To analyze lipid composition, lipid extracts were separated by thin-layer chromatography (TLC). For the separation of diacylglycerol (DG), TG, free fatty acids (FFA), and total PL, hexane-ether-acetic acid (80:20:2, vol/vol) was used as solvent. PC and phosphatidylethanolamine (PE) were separated by TLC with chloroform-methanol-water (130:50:8, vol/vol) as solvent. The individual lipids were identified according to the chromatographic properties of authentic lipid standards. After TLC, the areas on the silica gel slides, which contained the individual lipids, were scraped off, and a known concentration of margarinic acid (C17) was added to silica gel as standard.

Thereafter the individual lipids were quantitatively transformed to fatty acid methyl ester (FAME) and dimethyl acetals (DMA), which were separated by gas chromatography as previously described (24). From the FAME pattern of the glycerolipids, the total concentration of PL, DG, and TG was calculated as sum of nmol FAME divided by 2. The mol% of disaturated, monoene, and polyunsaturated PL were calculated from the sum of the appropriate FAME. Plasmalogens were calculated from the sum of the DMA. DPPC (mol%) or disaturated PL (mol%) were calculated from the content of palmitic acid (16:0) or the sum of saturated FA in the FAME patterns of isolated PC or PL, respectively, according to the following formula: the sum of saturated FA minus the sum of unsaturated FA divided by 2.

Analysis of surfactant-associated proteins.
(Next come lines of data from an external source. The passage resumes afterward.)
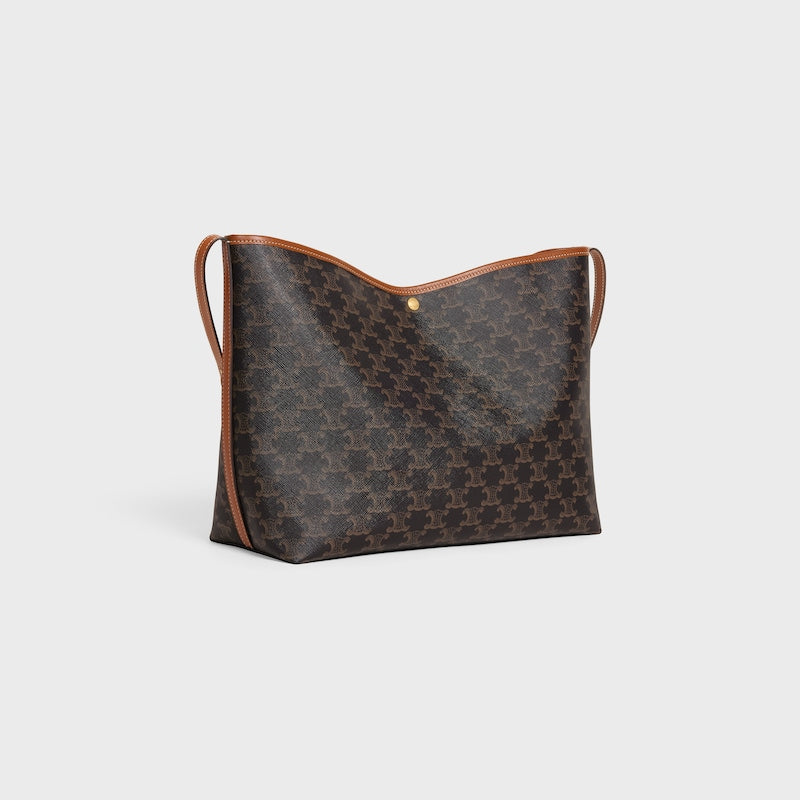 Celine Inspired Soft Shopper Bag in Triomphe Canvas and Calfskin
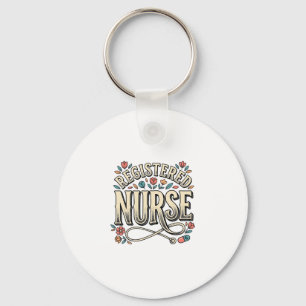 Registered Nurse Vintage Floral Typography Shirt D Key Ring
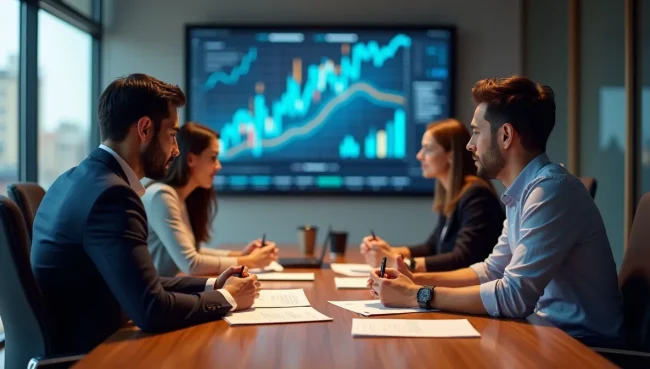 Equipo empresarial mexicano analizando reportes financieros en sala de juntas moderna, representando los beneficios de implementación de sistemas contables.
Content of surfactant-associated proteins was quantitatively estimated by SDS-electrophoresis in 15% T-; 2.6% C-polyacrylamide gels (11). Proteins were detected by sensitive silver staining (4).

Biophysical methods. Surface tension and surface viscosity of a surface film were simultaneously determined with the method of oscillating drop surfactometer (ODS) as previously described (13, 30).

The ODS uses the harmonic oscillation of a pendant drop. Microdrops of the lipid extracts of each surfactant were applied to the surface of the oscillating drop. The PL concentration in samples was 0.26 µM/ml, and chloroform-methanol (2:1 vol/vol) was used as solvent. After evaporation of the microdrop solvent, the changes of surface viscosity are representative for biophysical properties of the surface film, depending on the appropriate surface tension. All experiments were performed with water in the subphase, with the same amplitude of oscillation and at 20 ± 1°C.

Statistics. All values are shown as means with SD of at least n = 3 experiments.


    RESULTS
 TOP
 ABSTRACT
 MATERIALS AND METHODS
 RESULTS
 DISCUSSION
 REFERENCES
 
Lipid patterns of surfactant preparations. The lipid composition of the commercial surfactant preparation is shown in Table 1. The relative proportion of total neutral lipids (NL) differs by a factor of 4; Survanta (44 mol%) contained the highest and Curosurf (11 mol%) contained the lowest proportion of NL. The major fraction in all surfactant NL was FFA, with the highest level in Survanta (80 mol% of total NL) and the lowest level in Curosurf (54 mol% of total NL).

Disaturated PL contain DPPC as major component and disaturated species of phosphatidylglycerol and phosphatidylinositol as minor components. The content of disaturated PL differs strongly among the commercial surfactant preparations. Disaturated PL was the major PL fraction only in Survanta (66 mol% of total PL); in Curosurf and Alveofact the amount of monoene PL exceeds that of disaturated PL significantly.

Accordingly, the proportion of DPPC in total PC was highest in Survanta (39 mol%) and significantly lower in Curosurf (25 mol%) and in Alveofact (17 mol%) (Table 2).


View this table:
[in this window]
[in a new window]
 
Table 2. Fatty acid patterns of PC and PE isolated from Survanta, Curosurf, and Alveofact

 
Unsaturated lipids, in particular polyunsaturated FA (PUFA)-containing PL, serve as a liquidifier of disaturated PL at body temperature and increase the fluidity of lipid layers. As Table 1 shows, Curosurf contains by far the highest concentration of PUFA-PL, whereas Alveofact contains the highest proportion of monoene PL (PL containing fatty acids with one double bond). These results are corroborated by the FA patterns of PC (most abundant PL in surfactant) and PE (most unsaturated PL in surfactant). Both PC and PE of Curosurf showed the highest level of PUFA-PL (8.0 and 41.8 mol%), whereas the PUFA-PL concentration was clearly lower in Survanta (1.7 and 17.8 mol%) and Alveofact (4.2 and 18.3 mol%).

The content of plasmalogen was highest in Curosurf, where it was 2.5 times higher than in Survanta and four times higher than in Alveofact (Table 1).

The cholesterol content of the commercial surfactant preparations is extremely different. The cholesterol-total PL ratio was highest in Alveofact (100 x 10–3) followed by Survanta (15 x 10–3); almost no cholesterol was found in Curosurf (0.8 x 10–3).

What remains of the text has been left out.